Beginning with the very first line, please reproduce the entries exactly through the line containing "大班健康我的心情教案反思".

START PROVIDED ENTRIES

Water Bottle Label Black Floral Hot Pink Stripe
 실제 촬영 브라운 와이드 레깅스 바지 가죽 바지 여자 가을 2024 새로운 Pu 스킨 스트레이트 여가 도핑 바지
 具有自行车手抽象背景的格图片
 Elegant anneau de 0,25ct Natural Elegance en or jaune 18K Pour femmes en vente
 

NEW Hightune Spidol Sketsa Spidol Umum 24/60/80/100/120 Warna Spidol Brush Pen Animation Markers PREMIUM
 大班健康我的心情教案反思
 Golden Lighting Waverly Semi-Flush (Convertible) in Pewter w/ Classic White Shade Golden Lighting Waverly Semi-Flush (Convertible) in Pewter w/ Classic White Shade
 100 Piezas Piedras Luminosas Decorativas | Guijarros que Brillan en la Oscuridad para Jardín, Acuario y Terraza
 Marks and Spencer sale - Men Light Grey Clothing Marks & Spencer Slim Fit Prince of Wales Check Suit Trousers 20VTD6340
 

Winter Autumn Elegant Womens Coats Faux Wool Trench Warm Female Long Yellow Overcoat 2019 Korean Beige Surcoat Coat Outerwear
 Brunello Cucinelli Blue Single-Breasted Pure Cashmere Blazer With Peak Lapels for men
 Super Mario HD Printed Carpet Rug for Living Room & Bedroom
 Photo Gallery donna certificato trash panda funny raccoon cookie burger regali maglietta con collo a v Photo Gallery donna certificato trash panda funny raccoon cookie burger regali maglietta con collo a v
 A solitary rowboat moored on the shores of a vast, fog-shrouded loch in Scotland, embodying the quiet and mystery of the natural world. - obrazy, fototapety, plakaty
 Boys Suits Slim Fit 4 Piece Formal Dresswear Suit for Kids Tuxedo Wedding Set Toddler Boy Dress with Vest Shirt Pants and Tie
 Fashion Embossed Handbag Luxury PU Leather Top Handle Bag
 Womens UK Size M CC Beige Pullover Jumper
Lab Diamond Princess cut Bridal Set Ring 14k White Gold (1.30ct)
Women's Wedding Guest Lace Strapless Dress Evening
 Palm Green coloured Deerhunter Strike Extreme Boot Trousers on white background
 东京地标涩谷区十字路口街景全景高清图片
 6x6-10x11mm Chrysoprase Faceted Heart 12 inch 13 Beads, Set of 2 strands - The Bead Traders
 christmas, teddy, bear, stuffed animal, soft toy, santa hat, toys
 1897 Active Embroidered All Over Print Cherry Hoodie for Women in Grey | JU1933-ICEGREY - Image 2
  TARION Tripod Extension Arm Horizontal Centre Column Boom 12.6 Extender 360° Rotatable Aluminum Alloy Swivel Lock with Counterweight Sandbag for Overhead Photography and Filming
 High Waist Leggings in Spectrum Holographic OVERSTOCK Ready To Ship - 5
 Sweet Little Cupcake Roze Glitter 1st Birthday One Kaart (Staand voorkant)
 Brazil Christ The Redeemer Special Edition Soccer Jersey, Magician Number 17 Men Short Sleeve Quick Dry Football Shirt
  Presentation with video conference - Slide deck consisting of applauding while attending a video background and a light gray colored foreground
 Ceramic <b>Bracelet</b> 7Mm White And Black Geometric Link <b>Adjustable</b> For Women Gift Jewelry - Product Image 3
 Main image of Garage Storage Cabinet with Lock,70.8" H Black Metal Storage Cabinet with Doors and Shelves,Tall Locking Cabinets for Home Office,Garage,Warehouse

END PROVIDED ENTRIES

▸ **RESULT FOR THIS EXERCISE**:
Water Bottle Label Black Floral Hot Pink Stripe
 실제 촬영 브라운 와이드 레깅스 바지 가죽 바지 여자 가을 2024 새로운 Pu 스킨 스트레이트 여가 도핑 바지
 具有自行车手抽象背景的格图片
 Elegant anneau de 0,25ct Natural Elegance en or jaune 18K Pour femmes en vente
 

NEW Hightune Spidol Sketsa Spidol Umum 24/60/80/100/120 Warna Spidol Brush Pen Animation Markers PREMIUM
 大班健康我的心情教案反思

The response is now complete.